Todavía faltaba reunirse con la gente de Rafaela porque aún tenía contrato por seis meses más, entonces había que rescindirlo. Esa reunión era importante porque si ellos querían complicar las cosas podían hacerlo con toda la razón del mundo. En propias palabras del Presidente de Rafaela fue por mi profesionalismo, por el tiempo que llevaba en el club y por el don de persona.

Todo esto me lo remarcó, ellos facilitaron todo el proceso y fue genial, otro premio de la vida. Sobre todo porque uno siempre trata de manejarse de la misma manera como persona, ser honesto te lleva a este tipo de situaciones.

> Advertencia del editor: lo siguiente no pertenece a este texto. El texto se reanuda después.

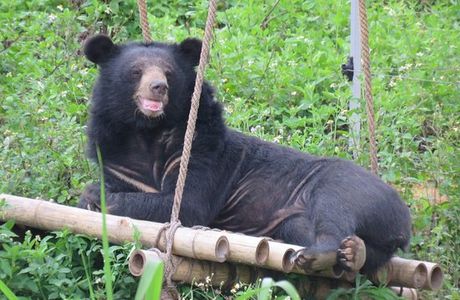 Bear Sanctuary Ninh Binh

En los negocios del fútbol es quién saca más ventaja, y el loco dejó de lado todo para agilizarme el trámite. La despedida fue un momento duro, porque en tres años generás un vínculo muy fuerte, lo que te decía hoy de Rentistas era lo mismo en Rafaela, un equipo chico de Argentina, una ciudad en el interior del interior de Santa Fé, está la idiosincrasia de pueblo donde conocés a todos y te hacés querer por la gente.

Mi suegro es fanático de Nacional así que imaginate cómo fue que confirmara la noticia.

Fue complicado, costó unos cuantos llantos, que de repente hasta venían guardados porque uno va acumulando y le cuesta llorar, ¡qué manera de llorar, por favor! Voy a empezar de nuevo (risas).

Después pasé por Paysandú a saludar a mis suegros. Mi suegro es fanático de Nacional así que imaginate cómo fue que confirmara la noticia. De ahí fui a Young para quedarme dos días porque justo coincide que era un viernes y recién el lunes tenía que firmar, hacer la presentación y empezar a entrenar, así que me quedé el fin de semana disfrutando con mi gente, obviamente muy emotivo porque son todos de Nacional, incluso mi abuelo, que ya no está, era hincha rabioso, eso se lo transmitió a mi madre y ella a nosotros. Por ahí con el hecho de ser profesional uno va dejando al costado el lado hincha, pero ahora vuelve a resurgir.